Short stories are CRIMINALLY underrated. In fact, I don’t think I’ve ever written about short stories on this blog. I do read them sometimes, but definitely not as often as I read full-length novels.
And I don’t think they get enough appreciation.
There’s so much you can do in a short story that just wouldn’t work the same way in a novel. I’ve read a lot of short stories with masterful suspense, shock endings and clever twists that make them impossible to forget. And today, I’m going to be sharing some of them with you!
1)”A Sound of Thunder” by Ray Bradbury
“We don’t want to change the Future. We don’t belong here in the Past.”
Published: 1952 | Genre: science fiction
This is probably my favorite on the list. I still think about this story a lot. It’s about the butterfly effect/chaos theory and it’s so interesting.

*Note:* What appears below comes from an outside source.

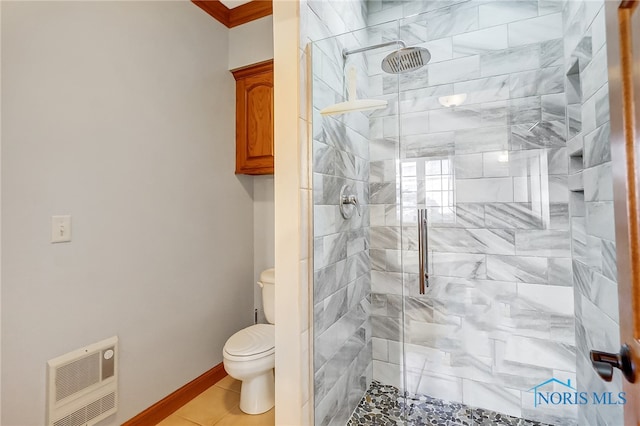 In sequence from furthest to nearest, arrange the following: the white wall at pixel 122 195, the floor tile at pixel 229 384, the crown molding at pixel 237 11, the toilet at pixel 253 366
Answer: the crown molding at pixel 237 11 → the floor tile at pixel 229 384 → the toilet at pixel 253 366 → the white wall at pixel 122 195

On Goodreads I gave “A Sound Of Thunder” 3 stars in 2018– I don’t think I enjoyed the descriptions of bloody T-Rex’s (how do you write plural T-rex?) but I still remember the whole thing and I’m telling you now: it’s good.

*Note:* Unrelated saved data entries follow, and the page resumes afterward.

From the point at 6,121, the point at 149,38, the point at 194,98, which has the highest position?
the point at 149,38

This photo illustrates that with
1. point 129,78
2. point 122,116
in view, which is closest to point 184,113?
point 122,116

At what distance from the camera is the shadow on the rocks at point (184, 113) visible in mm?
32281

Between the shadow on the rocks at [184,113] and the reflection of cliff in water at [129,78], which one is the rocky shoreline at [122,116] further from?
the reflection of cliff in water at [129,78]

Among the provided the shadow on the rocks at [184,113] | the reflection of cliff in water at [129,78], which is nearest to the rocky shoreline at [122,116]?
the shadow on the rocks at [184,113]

It takes place in a future society where time machines have been invented and people can pay to go on “Time Travel Safaris” to travel to prehistoric times and hunt dinosaurs. There’s one catch, though: travelers must never step off the trodden path for fear of irreversibly altering the fabric of time.
2) “The Lottery” by Shirley Jackson
“The morning of June 27th was clear and sunny, with the fresh warmth of a full-summer day; the flowers were blossoming profusely and the grass was richly green.“
Published: 1948 | Genre: horror
This one everyone knows. And it was spoiled for me. It’s about a town who congregates for the drawing of “The Lottery.” But this seemingly innocuous practice may be hiding something very sinister…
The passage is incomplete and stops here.